3. Connect Performance Management to “Purpose”
Performance management is another area where sensitivity can make a worker more self-critical than usual. By linking performance management to larger organizational goals, employers can help HSPs look at the big picture and not be derailed by short-term obstacles.
4. Include apps for mental health in the workplace as part of employee benefits
A simple but frequently overlooked way to ensure mental health in the workplace is by improving access to relaxation/entertainment tools. A subscription to a meditation app or even ambient music can bring down stress levels significantly. Employers can add solutions such as Calm or Headspaceto their benefits packages.
Learn more: 5 Ways to Promote Mental Health in the Workplace with Technology
Turning HSPs into Your Biggest Asset
Being highly sensitive is not a disorder, say experts. In fact, sensitivity is a common trait that brings several advantages to a professional scenario. By fostering mental wellbeing in the workplace, you can help HSPs become:
- Great team leads – Because they are acutely aware of their surroundings, HSPs can identify the subtleties of an assignment and allocate it to the most fitting member.

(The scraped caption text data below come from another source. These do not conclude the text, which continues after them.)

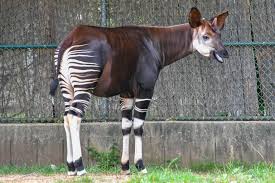 Ituri : dix ans après l'attaque des Maï-Maï, la RFO ne compte aucun animal  Okapi - Congo-kinshasa
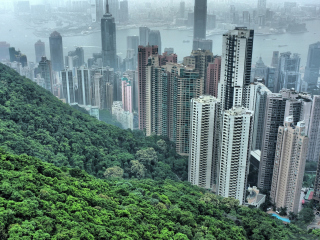 Das Hong Kong Hills Wallpaper 320x240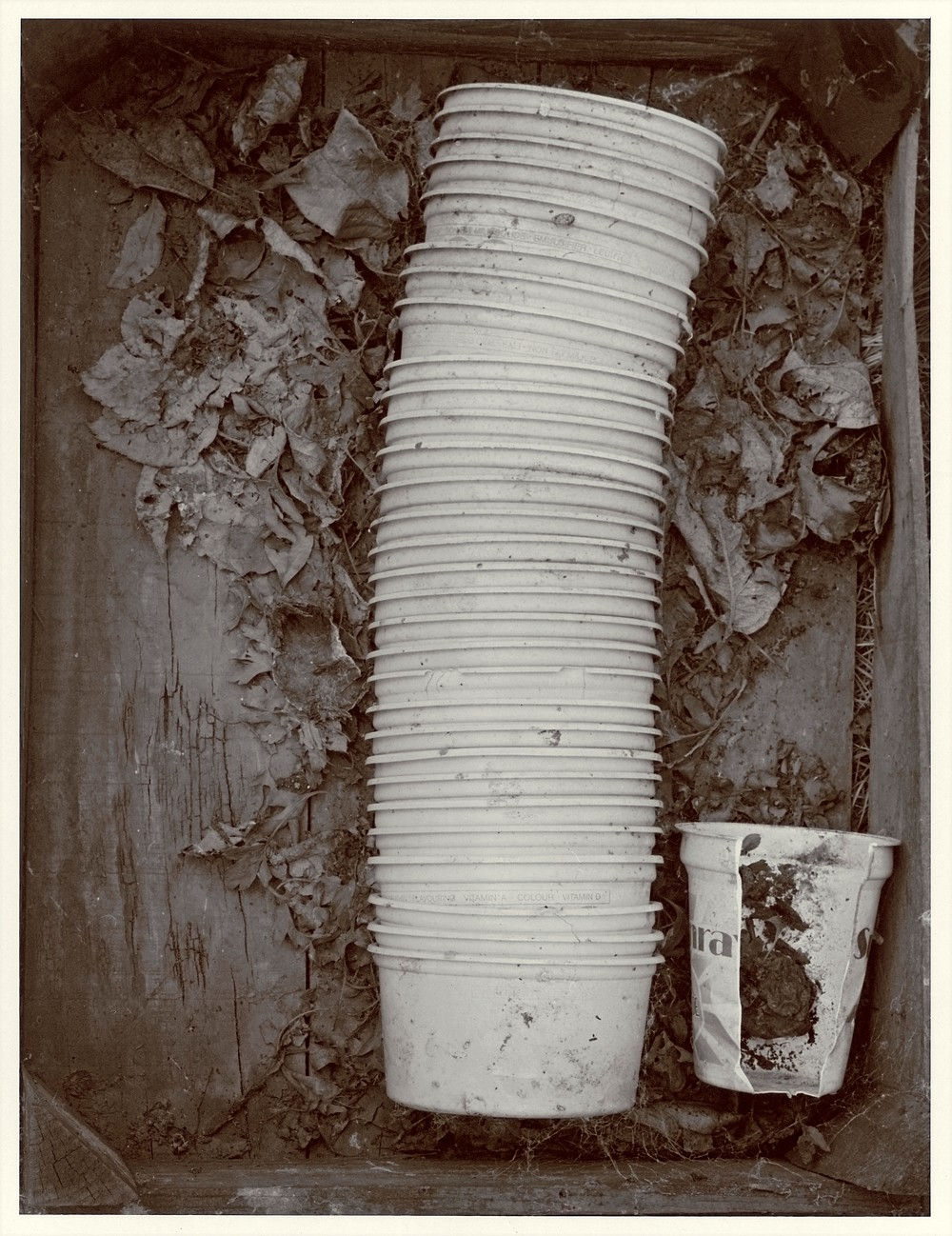 John Blakemore, The Neglected Garden, 1980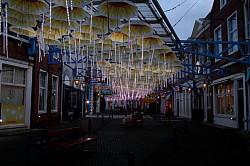 the umbrellas above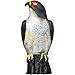 Hoont Garden Scarecrow Eagle Decoy by with Scary Flashing Eyes and Frightening Sound Pest Repellent – Motion Activated and Solar Powered – Realistic Predator Repels All Pests; Birds, Squirrels, Etc.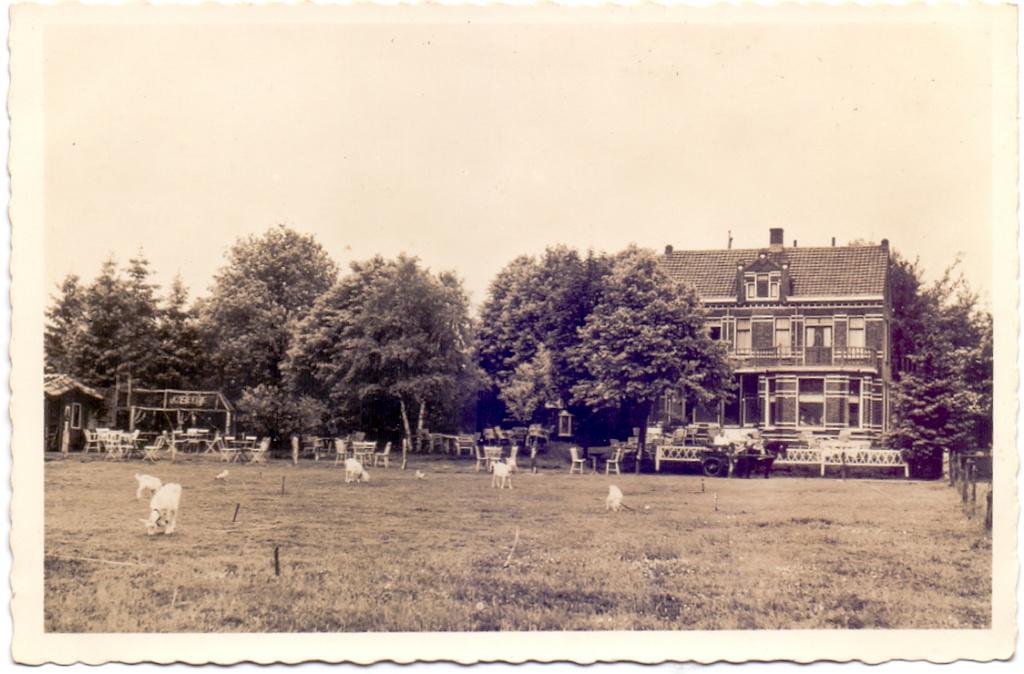 Hilvarenbeek hotel café restaurant 't kasteeltje ca 1950, Verzenden, 1940 tot 1960, Ongelopen, Noord-Brabant
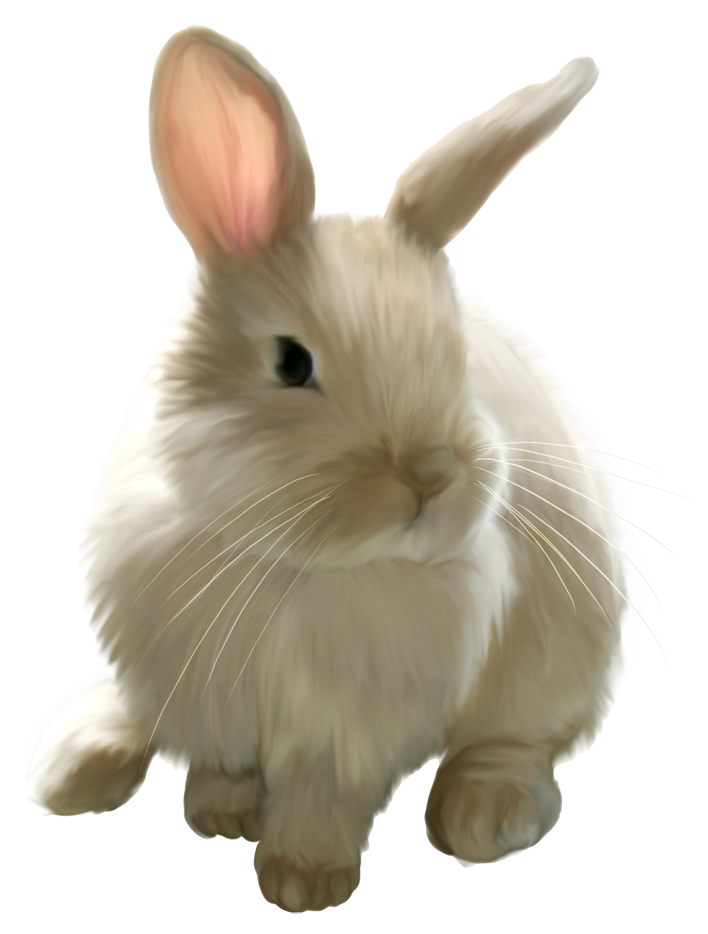 Easter Bunny Rabbit Clip art - Cute Painted Bunny PNG Picture Clipart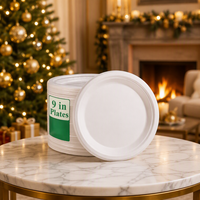 Assiette jetable ovale de 10 pouces, biodégradable, vaisselle écologique pour la maison, les fêtes et l'usage quotidien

- Great strategists – Being able to anticipate potential problems is the first step towards finding a solution, a trait that sensitive individuals possess and that makes them strong candidates for strategy-focused positions.
- Great innovators – Research links high sensory perception to traits such as inventiveness, imagination, and creativity, meaning HSPs may be better positioned for disruptive activities.
- Great mediators – Equipped with a keen understanding of problematic situations, HSPs can actually help solve conflicts and ensure alignment to quality standards.
All that’s needed is a well-thought-out and carefully mapped environment. By combining empathy with technology to ensure positive mental health in the workplace, you can empower highly sensitive employees to turn what can be perceived as their Achilles’ Heel into a competitive advantage.